Une vieille doléance des populations du Sud du Sénégal est en train de se concrétiser depuis le 20 février 2015, jour où le Premier ministre, Mahammad Boun Abdallah Dionne, et la vice-présidente gambienne, Isatou Njie Seydi ont procédé à la pose de la première pierre du pont prévu sur le fleuve Gambie. Les présidents Léopold Sédar Senghor, Abdou Diouf et Abdoulaye Wade avaient œuvré pour l'érection de ce pont qui est considéré comme un ouvrage fondamental pour le désenclavement de la Casamance, mais en vain. C'est sous Macky Sall qu'un geste concret a été posé dans ce sens.

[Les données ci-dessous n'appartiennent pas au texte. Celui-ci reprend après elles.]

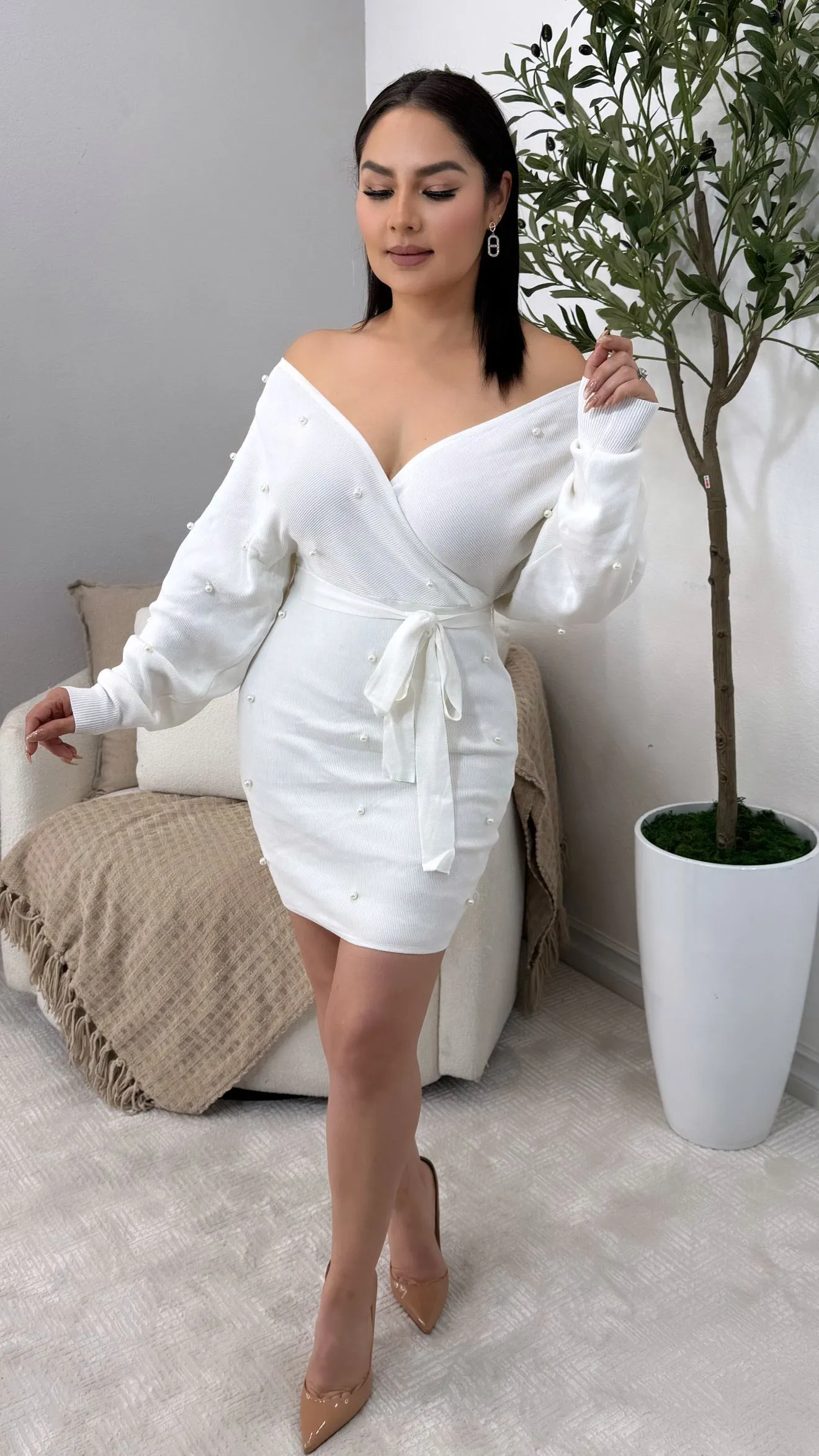 PEARL WHITE DRESS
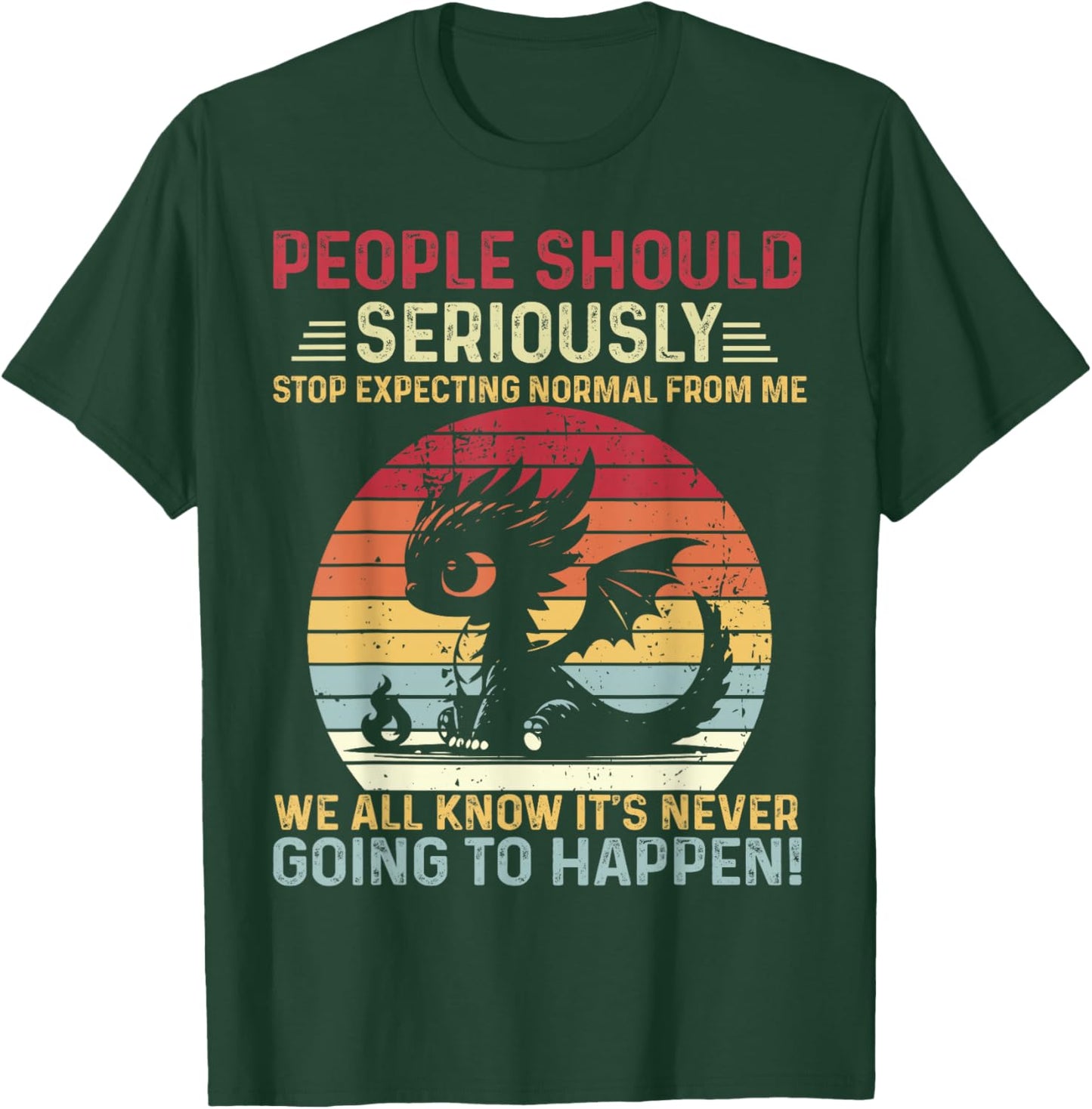 Vintage Dragon Seriously Dragon and Girls, Boy T-Shirt - T-Shirt | Forest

Selon le Premier ministre Dionne, « ce pont permettra aux deux pays de lever, ensemble, les obstacles matériels et immatériels des nombreux postes de contrôle, des longues et coûteuses procédures douanières avec des installations adaptées dans nos frontières ». Dans la même veine, Mme Seydi déclarait : « C'est une journée très importante. Le pont va renforcer les échanges entre les deux pays. La circulation sera plus fluide». L'ouvrage est financé par la Banque africaine de développement (Bad) pour un coût de 53,7 milliards de FCfa. Il est aussi prévu l'amélioration du passage transfrontalier dans cette enveloppe. Le pont, prévu sur une longueur de 942 mètres, sera livré dans moins de 36 mois. La Bad prévoit de financer la construction de 15 km de pistes rurales en Gambie et a promis d'appuyer le Sénégal et la Gambie dans les travaux de prolongement de la route reliant Farafégny et Keur Ayib.